» **Information**:
================================
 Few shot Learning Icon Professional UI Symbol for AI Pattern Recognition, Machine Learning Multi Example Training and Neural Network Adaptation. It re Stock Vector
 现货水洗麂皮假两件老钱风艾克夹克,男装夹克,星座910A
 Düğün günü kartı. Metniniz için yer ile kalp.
================================
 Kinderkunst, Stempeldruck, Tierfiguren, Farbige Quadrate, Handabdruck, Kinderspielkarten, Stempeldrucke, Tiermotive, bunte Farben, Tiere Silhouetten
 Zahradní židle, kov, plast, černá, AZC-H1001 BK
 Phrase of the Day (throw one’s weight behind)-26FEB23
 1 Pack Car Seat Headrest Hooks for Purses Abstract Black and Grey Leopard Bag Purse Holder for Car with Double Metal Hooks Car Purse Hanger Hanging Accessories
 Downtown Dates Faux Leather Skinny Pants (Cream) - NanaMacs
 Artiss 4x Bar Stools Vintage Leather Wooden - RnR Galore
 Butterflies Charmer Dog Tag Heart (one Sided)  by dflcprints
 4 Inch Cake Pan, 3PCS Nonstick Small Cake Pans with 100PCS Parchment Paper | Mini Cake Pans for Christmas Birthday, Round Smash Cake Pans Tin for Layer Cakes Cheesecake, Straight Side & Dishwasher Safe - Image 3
================================
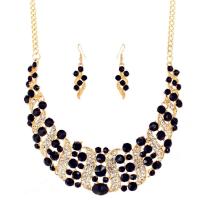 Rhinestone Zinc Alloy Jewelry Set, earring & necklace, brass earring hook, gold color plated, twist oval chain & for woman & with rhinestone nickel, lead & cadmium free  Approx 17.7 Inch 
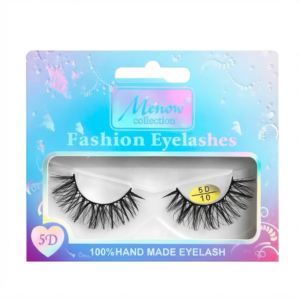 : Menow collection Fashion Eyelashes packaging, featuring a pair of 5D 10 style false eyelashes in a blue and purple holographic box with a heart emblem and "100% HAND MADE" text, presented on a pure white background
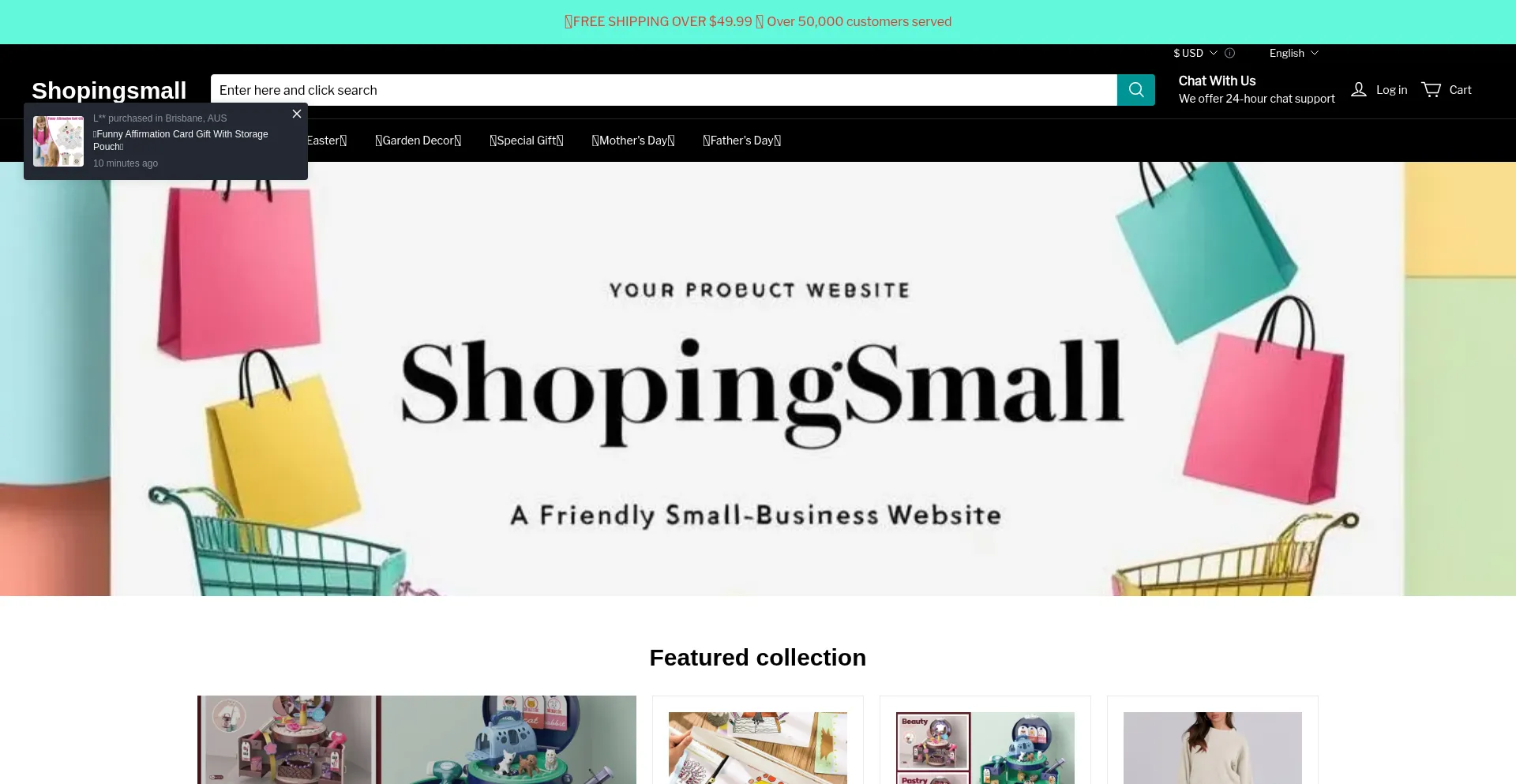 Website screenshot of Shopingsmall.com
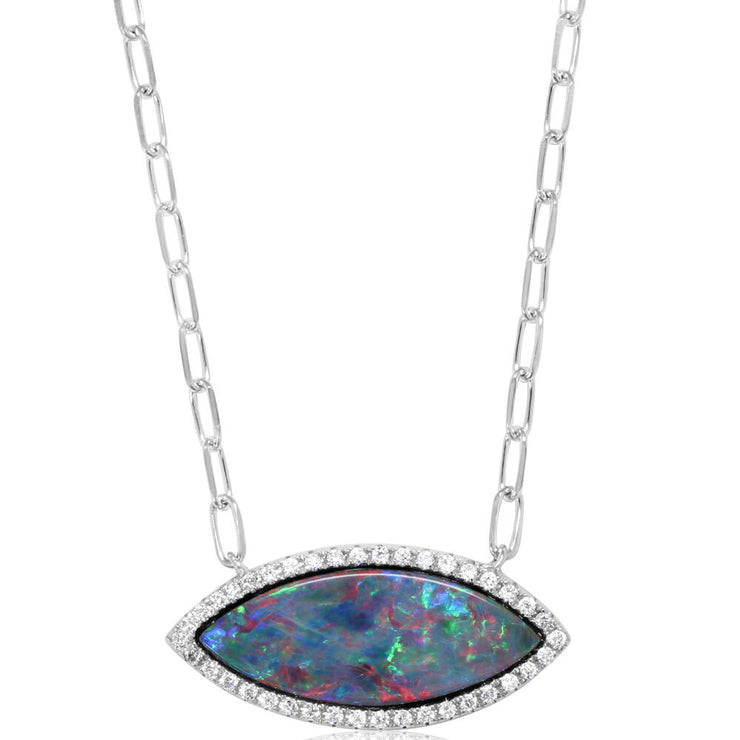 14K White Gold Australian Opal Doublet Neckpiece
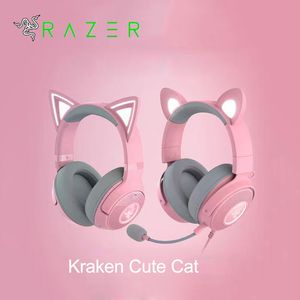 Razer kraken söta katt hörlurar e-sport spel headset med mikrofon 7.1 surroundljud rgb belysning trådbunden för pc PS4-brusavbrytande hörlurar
================================
» **What is required**: Starting at the line that has "1 Pack Car Seat" in the records above, restate word for word every line until the one that has "4 Inch Cake", and include that one as well.

» **Finished task**:
 1 Pack Car Seat Headrest Hooks for Purses Abstract Black and Grey Leopard Bag Purse Holder for Car with Double Metal Hooks Car Purse Hanger Hanging Accessories
 Downtown Dates Faux Leather Skinny Pants (Cream) - NanaMacs
 Artiss 4x Bar Stools Vintage Leather Wooden - RnR Galore
 Butterflies Charmer Dog Tag Heart (one Sided)  by dflcprints
 4 Inch Cake Pan, 3PCS Nonstick Small Cake Pans with 100PCS Parchment Paper | Mini Cake Pans for Christmas Birthday, Round Smash Cake Pans Tin for Layer Cakes Cheesecake, Straight Side & Dishwasher Safe - Image 3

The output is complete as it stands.